EPW Hearing Focuses on Long-Term, Formula-Based FAST Act Reauthorization

State DOT executives and transportation industry representatives threw their full support behind a bipartisan goal to draft a full five-year reauthorization of the Fixing America’s Surface Transportation or FAST Act based on formula-funding during a July 10 Senate Environment and Public Works committee hearing.

Photo by Utah DOT

“I am working with ranking member [Sen. Tom] Carper [D-Del.] to advance the most substantial bipartisan highway bill ever passed by Congress,” noted Sen. John Barrasso, R-Wyo., (seen above) the committee’s chairman, during his opening remarks at the hearing.

“We – along with the other members of the committee – are working to pass a five-year highway infrastructure bill to fix our roads, our bridges, and our highways,” he said.

“That means maintaining each state’s share of highway formula funding [as] formula funding gives each state the flexibility they need to address their specific surface transportation needs,” Sen. Barrasso added. “Maintaining the federal highway program’s current approach of distributing over 90 percent of the funds to the states by formula is the key to this. It is a proven approach that works for everyone and should be continued.”

Sen. Tom Carper

Ranking Member Carper went even farther in his opening remarks at the hearing, describing transportation as key to buttressing the “inalienable rights to life, liberty and the pursuit of happiness” put forth in the Declaration of Independence. “I often link those three inalienable rights with the work we do on this committee,” he said. “The fact is, Americans cannot truly enjoy life, liberty, or the pursuit of happiness without a safe transportation system that nurtures our economy, protects our environment, and enhances our mobility.”

Carlos Braceras, executive director of the Utah Department of Transportation and 2018-2019 president for the American Association of State Highway and Transportation Officials, emphasized that “predictable funding” is an important factor in the reauthorization process.

Carlos Braceras

“The lack of stable, predictable funding from the Highway Trust Fund makes it nearly impossible for state DOTs to plan for large projects that need a reliable flow of funding over multiple years,” he explained in his testimony. “These projects are what connect people, enhance quality of life, and stimulate economic growth in each community where they are built.”

He stressed that the “heart and soul” of the Federal-aid highway program are the formula dollars supporting state and local investment decisions and are key to creating “long-term predictability” where surface transportation funding is concerned.
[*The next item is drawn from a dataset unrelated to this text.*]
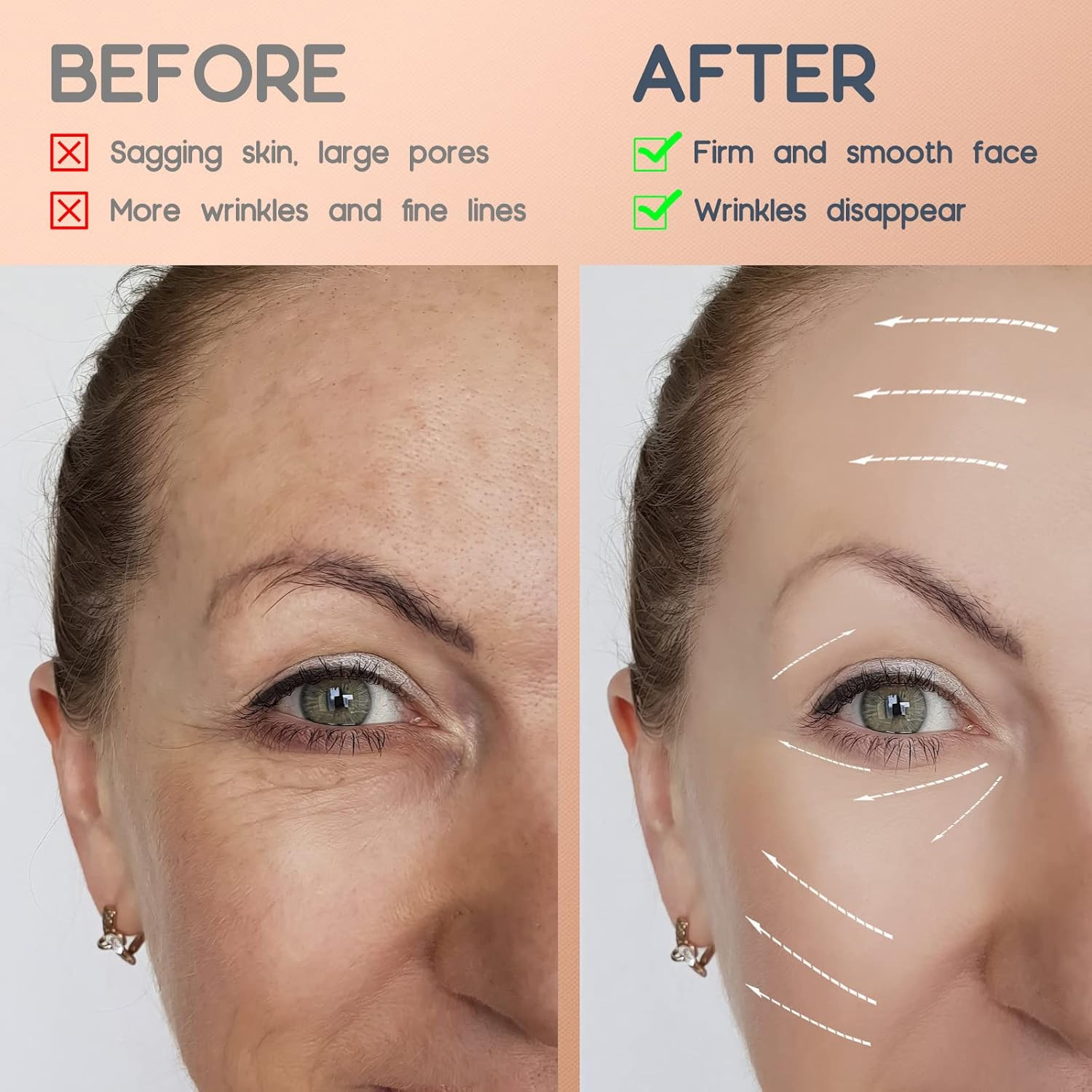 AURUZA 2 Rolls Facial Myofascial Face Lift Tape,Neck & Forehead Smooths Wrinkles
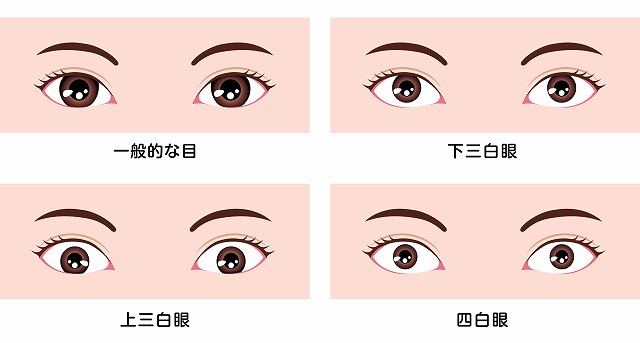 片目 充血 目 の 原因 目の充血と一緒にかゆみが伴う時の原因・病気は？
“The formula-based program framework built the Interstate Highway System and the National Highway System, the backbone of our national network of roads and bridges that drives our national economy,” Braceras said. “This remains the optimal approach to underpin the next surface transportation legislation that will serve all corners of our country – by improving mobility and quality of life in urban, suburban, and rural areas. If we can have long-term predictability, we also get the best value for our investments in transportation projects.”

Yet he noted that more money will be needed to do all of that successfully. “The investment backlog for transportation infrastructure continues to increase – reaching $836 billion for highways and bridges and $122 billion for transit, according to the United States Department of Transportation,” Braceras explained. “And, in order to simply maintain the current Highway Trust Fund spending levels, Congress will need to identify $90 billion in additional revenues to support a five-year [surface transportation reauthorization] bill through 2025; [while] $114 billion would be needed to support a six-year bill through 2026.”

Luke Reiner

Luke Reiner, in his first Congressional testimony as director and chief executive officer of the Wyoming Department of Transportation, noted that while formula-funding should remain the primary “emphasis” of any surface transportation reauthorization legislation, more attention needs to be paid to rural states in the process.

“Formula highway programs, in contrast to discretionary programs, should continue to receive very strong federal funding emphasis,” the former Army Major General emphasized. “Formula dollars are delivered as projects more promptly than discretionary dollars – and the public is eager for transportation investment.”

Carlos Braceras at left; Luke Reiner at right

 

Yet Reiner added that “funding provisions must reflect that significant Federal investment in highways and transportation in rural states continues to be warranted and benefits the entire nation,” noting that “rural states face major transportation infrastructure funding challenges. We can’t provide these benefits to the nation and ensure a sufficiently connected national system without Federal investment.”

For example, he said that the national per capita average contribution to the highway account of the Highway Trust fund is approximately $117, yet the per capita contribution attributable to rural states is much higher. “In Wyoming it is the highest of the states at $312 annually per capita, [with] North Dakota, South Dakota, and Montana the next highest,” Reiner noted.

And the stakes are high in regards to obtaining the necessary revenue, Utah DOT’s Braceras pointed out.

“We are at an inflection point in transportation history,” he emphasized. “Our proud legacy of achievement is at risk as we face what the future could look like without a revitalized federal surface transportation program: compromised safety, seriously degraded quality of life and environment, and lack of global economic competitiveness.”